Instructions for the task: What you return should be the lines of the data containing "Used", each in full.

Records from a data source:
-------
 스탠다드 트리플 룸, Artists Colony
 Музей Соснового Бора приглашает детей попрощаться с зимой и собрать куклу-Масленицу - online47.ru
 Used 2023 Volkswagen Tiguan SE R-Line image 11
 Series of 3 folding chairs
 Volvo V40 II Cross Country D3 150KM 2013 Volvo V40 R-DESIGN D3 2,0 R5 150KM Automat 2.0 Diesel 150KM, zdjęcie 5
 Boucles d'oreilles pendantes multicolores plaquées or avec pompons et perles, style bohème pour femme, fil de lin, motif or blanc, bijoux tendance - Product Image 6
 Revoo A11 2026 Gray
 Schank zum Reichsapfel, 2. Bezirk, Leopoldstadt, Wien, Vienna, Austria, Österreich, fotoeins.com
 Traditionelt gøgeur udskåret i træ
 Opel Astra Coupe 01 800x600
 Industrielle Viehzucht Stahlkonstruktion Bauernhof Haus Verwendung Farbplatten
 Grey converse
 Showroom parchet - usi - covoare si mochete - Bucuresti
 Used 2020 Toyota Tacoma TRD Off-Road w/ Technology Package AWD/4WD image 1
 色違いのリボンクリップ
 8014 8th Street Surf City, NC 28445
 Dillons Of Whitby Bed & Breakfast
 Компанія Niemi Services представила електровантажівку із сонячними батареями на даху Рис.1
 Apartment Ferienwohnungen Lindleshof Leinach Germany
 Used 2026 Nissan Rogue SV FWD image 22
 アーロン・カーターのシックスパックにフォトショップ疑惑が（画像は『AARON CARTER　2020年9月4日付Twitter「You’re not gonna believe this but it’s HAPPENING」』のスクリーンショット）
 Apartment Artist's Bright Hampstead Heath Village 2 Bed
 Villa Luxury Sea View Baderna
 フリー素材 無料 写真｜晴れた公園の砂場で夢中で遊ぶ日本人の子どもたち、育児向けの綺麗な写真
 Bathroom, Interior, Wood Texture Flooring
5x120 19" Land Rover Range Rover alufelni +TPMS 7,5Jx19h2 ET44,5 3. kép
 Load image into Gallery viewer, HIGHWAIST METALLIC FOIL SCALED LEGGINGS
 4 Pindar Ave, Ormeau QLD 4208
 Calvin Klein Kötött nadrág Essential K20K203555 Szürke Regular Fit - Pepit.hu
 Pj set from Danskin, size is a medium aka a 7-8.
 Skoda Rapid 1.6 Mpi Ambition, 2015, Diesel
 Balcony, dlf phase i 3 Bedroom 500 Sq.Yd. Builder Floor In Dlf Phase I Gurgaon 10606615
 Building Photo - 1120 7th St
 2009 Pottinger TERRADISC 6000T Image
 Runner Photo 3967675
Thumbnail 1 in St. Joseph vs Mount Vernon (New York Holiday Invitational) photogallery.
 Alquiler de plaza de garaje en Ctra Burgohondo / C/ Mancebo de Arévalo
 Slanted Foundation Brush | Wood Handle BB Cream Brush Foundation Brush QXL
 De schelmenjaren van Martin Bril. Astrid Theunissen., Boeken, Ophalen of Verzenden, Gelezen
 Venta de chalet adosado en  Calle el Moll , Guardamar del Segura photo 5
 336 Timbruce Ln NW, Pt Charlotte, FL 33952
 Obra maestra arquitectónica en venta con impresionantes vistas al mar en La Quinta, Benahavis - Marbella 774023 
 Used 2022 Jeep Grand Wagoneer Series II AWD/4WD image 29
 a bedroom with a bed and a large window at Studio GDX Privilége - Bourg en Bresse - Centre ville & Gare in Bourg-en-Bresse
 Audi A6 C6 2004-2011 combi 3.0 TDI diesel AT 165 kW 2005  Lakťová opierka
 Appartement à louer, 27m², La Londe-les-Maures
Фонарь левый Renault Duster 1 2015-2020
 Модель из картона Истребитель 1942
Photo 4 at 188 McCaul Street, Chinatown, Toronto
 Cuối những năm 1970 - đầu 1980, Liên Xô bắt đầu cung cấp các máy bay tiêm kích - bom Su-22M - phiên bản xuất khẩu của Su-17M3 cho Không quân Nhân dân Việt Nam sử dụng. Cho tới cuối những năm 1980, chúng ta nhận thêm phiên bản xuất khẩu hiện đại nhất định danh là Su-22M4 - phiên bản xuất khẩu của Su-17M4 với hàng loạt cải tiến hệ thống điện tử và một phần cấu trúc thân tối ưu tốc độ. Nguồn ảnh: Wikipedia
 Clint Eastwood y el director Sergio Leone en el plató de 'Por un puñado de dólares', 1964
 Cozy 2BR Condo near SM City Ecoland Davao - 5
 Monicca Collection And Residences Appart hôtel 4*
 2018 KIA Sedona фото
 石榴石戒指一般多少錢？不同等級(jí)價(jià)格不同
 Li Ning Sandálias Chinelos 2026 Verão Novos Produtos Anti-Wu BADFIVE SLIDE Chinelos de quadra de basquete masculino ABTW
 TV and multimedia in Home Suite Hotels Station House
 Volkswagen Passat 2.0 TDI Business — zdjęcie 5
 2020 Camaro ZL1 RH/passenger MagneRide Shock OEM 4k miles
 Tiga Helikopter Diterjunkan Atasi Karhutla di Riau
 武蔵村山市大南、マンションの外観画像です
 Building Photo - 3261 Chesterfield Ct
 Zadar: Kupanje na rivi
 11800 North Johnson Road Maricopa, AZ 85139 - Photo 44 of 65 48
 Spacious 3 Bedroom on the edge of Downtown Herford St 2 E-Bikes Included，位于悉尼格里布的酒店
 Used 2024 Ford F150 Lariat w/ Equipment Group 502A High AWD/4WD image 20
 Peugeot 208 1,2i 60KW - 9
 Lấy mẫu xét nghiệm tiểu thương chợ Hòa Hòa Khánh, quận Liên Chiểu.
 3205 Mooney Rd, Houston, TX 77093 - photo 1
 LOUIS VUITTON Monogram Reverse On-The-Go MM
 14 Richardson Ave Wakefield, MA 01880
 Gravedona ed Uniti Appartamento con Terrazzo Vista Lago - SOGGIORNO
-------
The answer:
 Used 2023 Volkswagen Tiguan SE R-Line image 11
 Used 2020 Toyota Tacoma TRD Off-Road w/ Technology Package AWD/4WD image 1
 Used 2026 Nissan Rogue SV FWD image 22
 Used 2022 Jeep Grand Wagoneer Series II AWD/4WD image 29
 Used 2024 Ford F150 Lariat w/ Equipment Group 502A High AWD/4WD image 20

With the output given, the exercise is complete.